When can I consider a ciphersuite an Authenticated Encryption?
If properly implemented, all TLS ciphersuites provide authenticated encryption. The caveat here is that
- The implementation actually must return $\perp$ (math-jargon for "error") if the decryption was unsuccessful, it must not tell anybody why exactly $\perp$ was returned.
- The time it takes for an implementation to return $\perp$ must not depend on any secret values (such as the key contents or the message contents).
If implementations (eg BearSSL) achieve these two constraints, then yes, the ciphersuites provide authenticated encryption (in the technical cryptographical sense).
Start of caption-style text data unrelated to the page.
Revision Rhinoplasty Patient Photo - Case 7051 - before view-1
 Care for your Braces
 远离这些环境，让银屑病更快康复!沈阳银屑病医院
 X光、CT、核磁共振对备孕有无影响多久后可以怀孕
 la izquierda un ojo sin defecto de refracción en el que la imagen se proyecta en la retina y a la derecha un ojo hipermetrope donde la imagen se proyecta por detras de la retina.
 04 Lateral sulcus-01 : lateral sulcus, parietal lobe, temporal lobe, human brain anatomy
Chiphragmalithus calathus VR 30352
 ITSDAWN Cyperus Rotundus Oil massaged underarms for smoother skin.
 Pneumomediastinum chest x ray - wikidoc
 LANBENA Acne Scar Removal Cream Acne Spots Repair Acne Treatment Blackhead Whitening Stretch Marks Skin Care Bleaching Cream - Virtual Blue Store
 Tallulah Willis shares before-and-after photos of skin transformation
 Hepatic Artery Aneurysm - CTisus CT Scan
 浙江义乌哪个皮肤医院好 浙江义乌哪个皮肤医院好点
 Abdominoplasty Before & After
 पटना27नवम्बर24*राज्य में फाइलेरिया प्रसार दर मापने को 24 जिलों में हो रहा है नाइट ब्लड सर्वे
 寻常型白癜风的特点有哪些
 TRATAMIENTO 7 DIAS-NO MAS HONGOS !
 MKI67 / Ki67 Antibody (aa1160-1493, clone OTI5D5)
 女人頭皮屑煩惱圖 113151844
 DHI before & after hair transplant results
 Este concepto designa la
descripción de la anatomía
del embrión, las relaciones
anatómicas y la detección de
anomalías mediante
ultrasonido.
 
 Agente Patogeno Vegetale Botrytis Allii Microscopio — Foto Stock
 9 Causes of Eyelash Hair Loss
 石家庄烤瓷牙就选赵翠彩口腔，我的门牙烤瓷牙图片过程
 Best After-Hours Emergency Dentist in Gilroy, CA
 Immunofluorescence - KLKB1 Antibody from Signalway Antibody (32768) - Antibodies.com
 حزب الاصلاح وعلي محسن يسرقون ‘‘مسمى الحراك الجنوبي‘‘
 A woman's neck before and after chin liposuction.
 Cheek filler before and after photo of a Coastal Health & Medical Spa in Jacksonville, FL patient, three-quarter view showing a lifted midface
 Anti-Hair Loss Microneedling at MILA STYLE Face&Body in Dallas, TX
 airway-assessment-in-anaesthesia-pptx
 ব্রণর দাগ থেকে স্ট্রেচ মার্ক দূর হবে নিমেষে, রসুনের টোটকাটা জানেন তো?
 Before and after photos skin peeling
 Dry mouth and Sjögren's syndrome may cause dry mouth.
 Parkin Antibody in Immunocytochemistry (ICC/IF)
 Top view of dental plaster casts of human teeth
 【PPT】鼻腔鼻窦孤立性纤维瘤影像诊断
However, some people (eg Google) don't consider the the CBC-based suites authenticated encryption, because they use a generic construction specified by the TLS protocol. In such a context, only ciphersuites that use an atomic primitive providing authenticated encryption (atomic meaning indivisible from the point of view of the TLS protocol) counts. As TLS really uses the CBC modes to do HMAC-then-CBC they don't count, as opposed to the modes like GCM, CCM, EAX or ChaCha-Poly1305 which have specialized security reductions and can / should not be split up from the point of view of TLS.
Is AES-CBC in TLS 1.2 an Authenticated Encryption
see above.
Do padding attacks in AES-CBC render it considered non-Authenticated
Encryption cipher?
No, attacks do not change whether a (theoretical) construction satisfies a security definition. The thing is with the theoretical security definitions: They are based on a security model and if the real world isn't reflected by this security model, then a cipher may satisfy the model, but fail in the real world. What does this mean? Timing information (as exploited by Lucky13) is not part of the (formal) security model for authenticated encryption. On the other hand, a construction that has more than one error message is not authenticated encryption scheme, because these may only have one (generic) error message.